*Exercise:*
Go through the listing below and retype exactly the lines starting at the one with "Shaman King Perfect Edition" and ending at the one with "Toilet Paper Roll", skipping pictures.

*Information:*
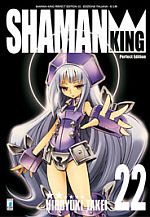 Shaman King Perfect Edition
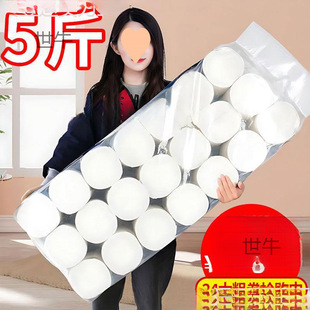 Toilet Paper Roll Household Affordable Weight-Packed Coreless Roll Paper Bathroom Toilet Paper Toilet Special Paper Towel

...

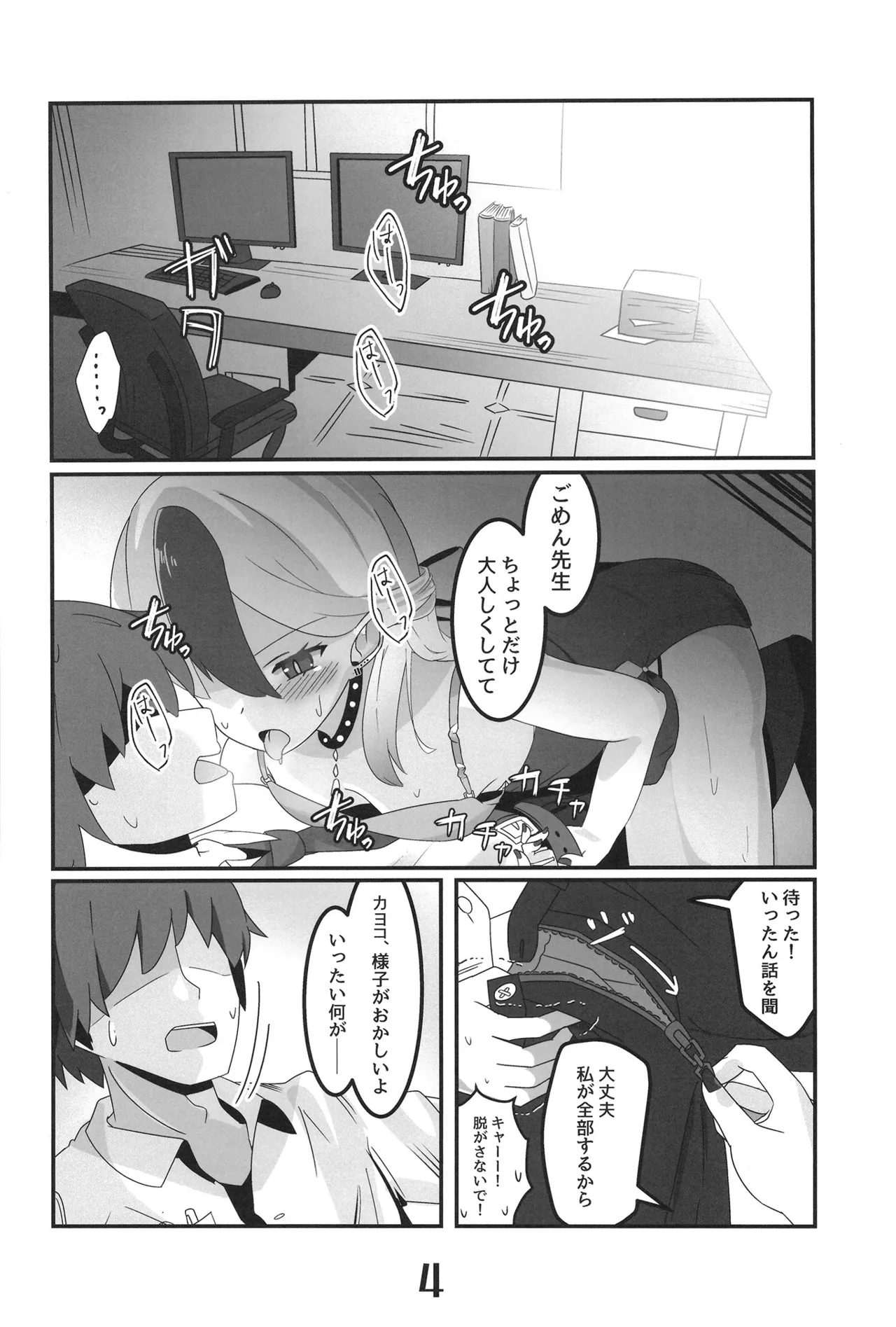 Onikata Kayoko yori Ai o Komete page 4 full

*Answer for the task:*
 Shaman King Perfect Edition
 Toilet Paper Roll Household Affordable Weight-Packed Coreless Roll Paper Bathroom Toilet Paper Toilet Special Paper Towel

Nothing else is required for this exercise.